Esto también nos lleva a agradecer al Santo Padre, siempre tan lleno de amor y de cariño por todos, por haber sido el que dio la iniciativa de que Cuba mire una vez más la cruz que salva y no las cruces que hunden a los seres humanos. A Él –el Papa- le agradecemos, y nos unimos también en esta celebración al Santo Padre a quien no les faltan las pruebas, a quien no le faltan las dificultades, a quien a veces nosotros mismos, creyéndonos dueños de la verdad del Señor, pensamos descalificar a quien es el sucesor de Pedro, representante de Cristo en medio de nosotros.

En la carta a los hebreos que hemos escuchado, se nos dice que este es un tiempo especial para reavivar nuestra fe, para hacerla más firme, es esto lo que tratamos de vivir en la Semana Santa, no para reducirla a dos o tres días, sino para llenarnos del espíritu de la verdad y de la vida y ser testigos de Él, hoy mañana y siempre. Contentos y felices de tener a Cristo como nuestro Dios, orgullosos de ser sus seguidores y sobre todo agradecidos porque Él sigue llamándonos a todos, para que llevemos este mensaje de vida a todos los amenazados por la muerte.

Es una ocasión para renovar nuestra fe en este Cristo que nos ha salvado de una vez para siempre, en este Cristo al que hemos visto con admiración, pasar ante nuestros ojos siendo apresado injustamente, siendo condenado con una prisa que solamente las mentes diabólicas podían haberse imaginado. Quien fue llevado y acusado de una lado para el otro, a quien abofetearon, a quien querían eliminarlo porque era capaz de decirle al pueblo que no se dejen engañar por aquellos que hablan muchas veces de Dios y no practican lo que dicen. Esto es lo que molestaba a los grandes del mundo en esa época, y, es esto lo que sigue molestando hoy a los que pretenden hacerse grandes. Y hacerlo solamente empequeñeciendo al prójimo, reduciéndolo a la nada o convirtiéndolo en un instrumento que solo sirve para ir destruyendo la dignidad humana.

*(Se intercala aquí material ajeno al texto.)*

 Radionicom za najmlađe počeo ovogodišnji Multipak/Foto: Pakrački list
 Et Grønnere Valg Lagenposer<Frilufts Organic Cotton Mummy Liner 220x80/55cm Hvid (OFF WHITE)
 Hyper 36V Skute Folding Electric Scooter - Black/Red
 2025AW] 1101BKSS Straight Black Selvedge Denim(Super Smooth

Este Cristo cuyo relato nos ha vuelto a conmover en esta plaza, nos hace descubrir en Él, en sus palabras últimas que las hemos meditado esta tarde desde nuestra Catedral, en esas palabras en que hemos visto al Señor siempre dispuesto a perdonar aún a aquellos que están en el error.

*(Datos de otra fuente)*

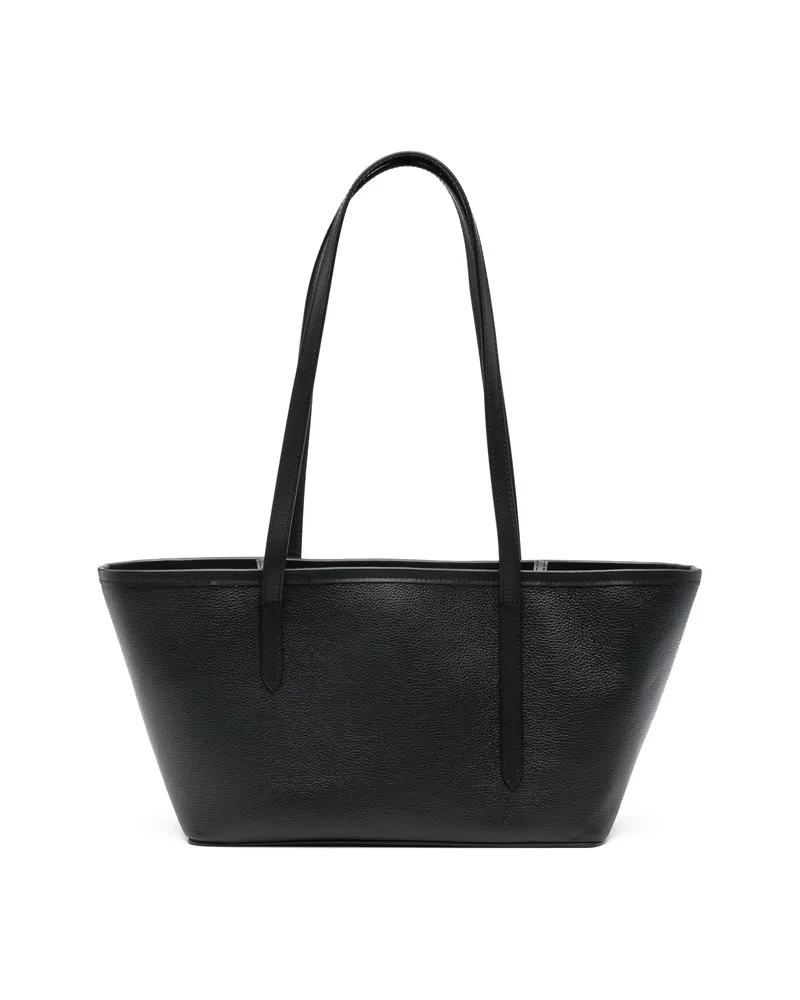 ATP Atelier Gaiba Leather Shoulder Bag Black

“Hoy estarás conmigo en el paraíso” le decía aquel que tenia el delito de haber robado, “hoy” si cambias, hoy si aceptas mi persona y mi palabra, estarás en el paraíso; Hoy nos entrega también a su madre y nos pide que la tengamos en nuestra casa. Es el momento de pensar ¿cómo está esta casa en la que vamos a recibir al Señor? Esa casa que es nuestro corazón, nuestra familia, nuestro barrio, que es nuestra sociedad ¿Qué es lo que hay allí para que no pueda entrar el Señor de la vida y eliminar todos los males que a veces se urgen encerrados en nuestros puntos de vista y lejos de aceptar el desafío de mirar al otro, de acercarse al otro, de tenderle la mano y levantarlo. Hoy hemos sentido al Señor pidiéndonos también un poco de agua, “Tengo sed”, es sed la sigue teniendo nuestro Dios, es la sed de la verdad que debe reinar, al sed de la justicia que no debe faltar a su pueblo, la sed del respeto a la dignidad del pueblo, la sed de no pisotear los mandatos de nuestra gente con actitudes egoístas o individualistas.

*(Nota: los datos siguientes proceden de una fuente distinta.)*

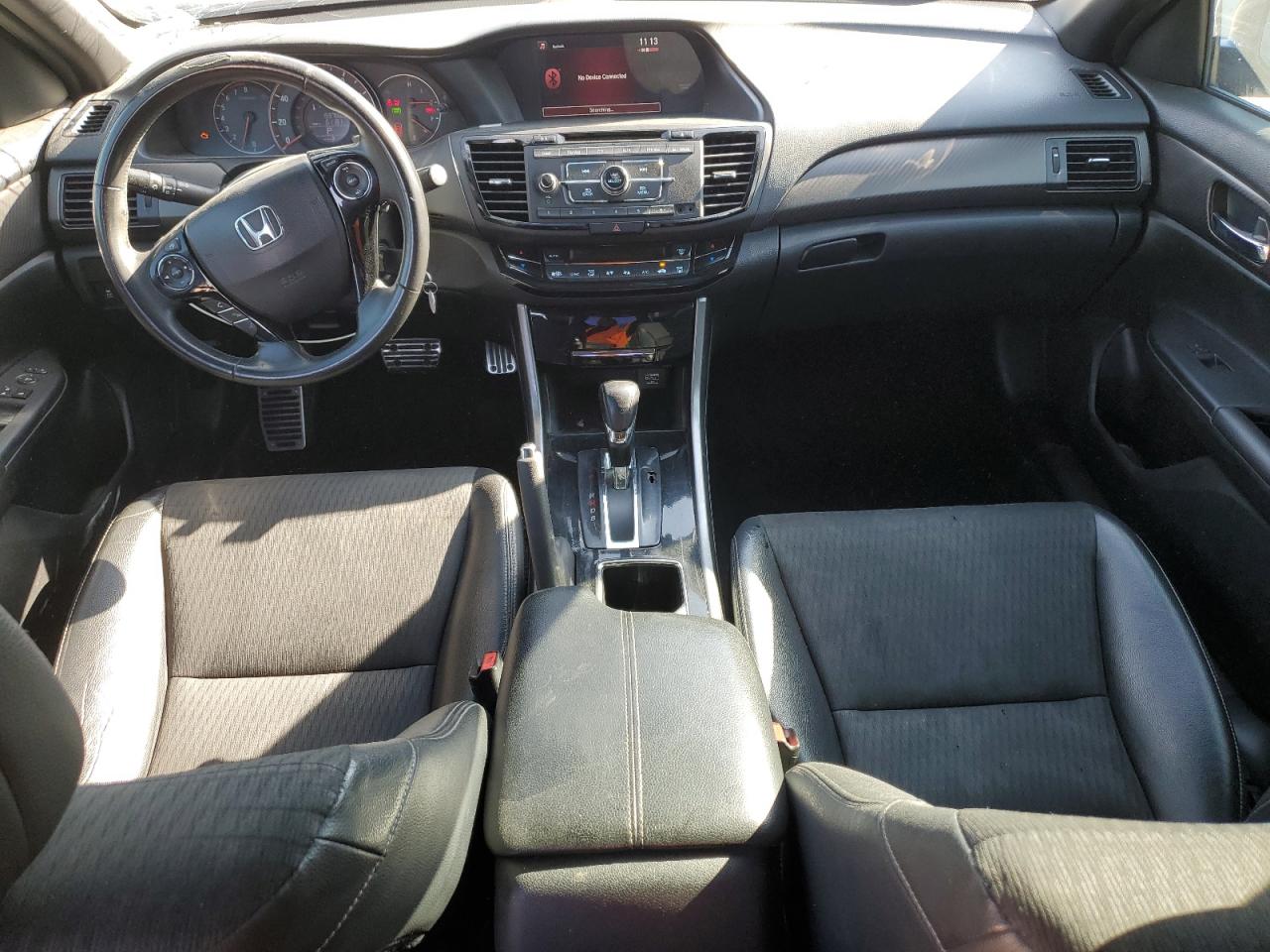 2016 Honda Accord VIN 1HGCR2F51GA115990 Copart auction photo, front end / minor dent/scratches damage thumbnail 8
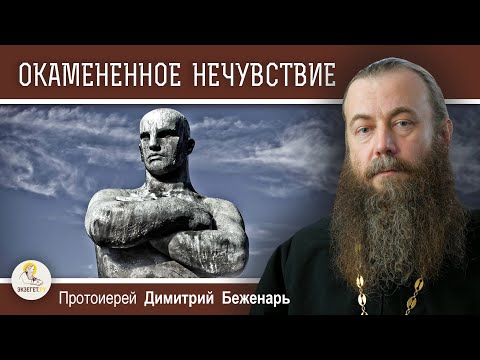 Видео: ОКАМЕНЕННОЕ НЕЧУВСТВИЕ.  Протоиерей Димитрий Беженарь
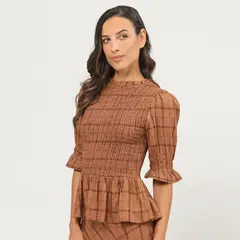 UNIVERSITY CLUB - Blusa Manga 3/4 Mujer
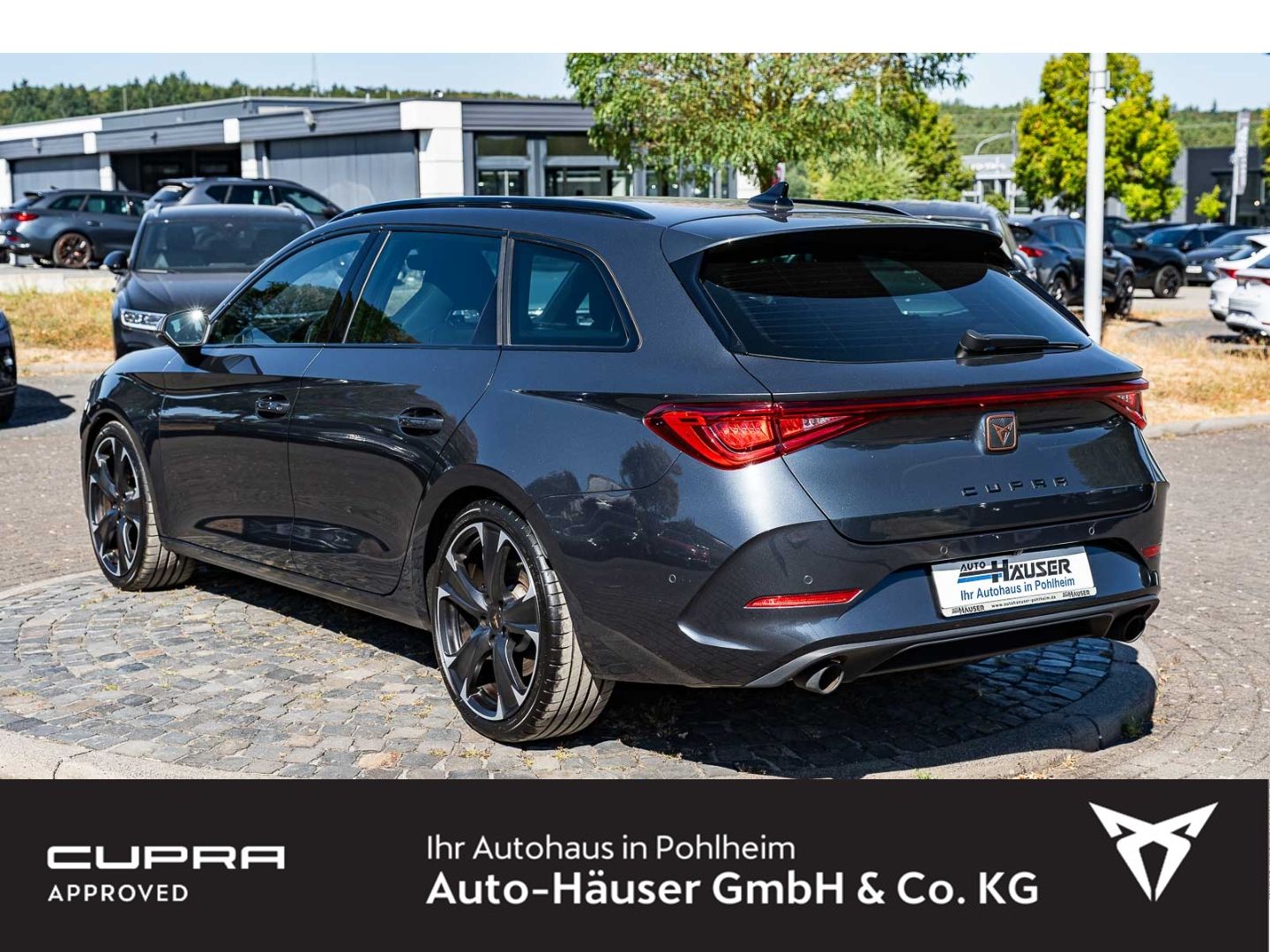 Cupra Leon Sportstourer VZ 2.0 TSI DSG REAR VIEW PDC P imagem 3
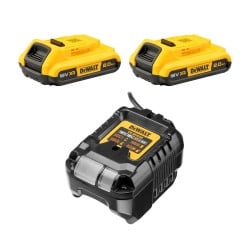 Wiertarko-wkrętarka udarowa DeWALT DCD795D2 18V XR BL 60Nm 2x2Ah walizka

Ahí esta el Señor que entrega su vida para que nosotros aprendamos a entregar la nuestra con alegría, con optimismo y con urgencia. Hemos escuchado en la meditación de las siete palabras comentarios extraordinarios sobre las palabras del Señor, todo está terminado, todo está consumado, todo lo que yo había prometido hacer para liberar a la persona humana se ha hecho.

Ahí esta Padre mi pueblo con toda la riqueza que le da la fe pero también con toda la debilidad que tiene por ser humano. Ahí esta el clamor de nuestro Dios en la cruz. Te devuelvo al pueblo que me diste, sálvalo tu, enséñale a no ponerse de rodillas ante aquellos que ofrecen salvaciones ligeras sin que nunca se pueda gustar la amistad, el cariño y el afecto entre todos.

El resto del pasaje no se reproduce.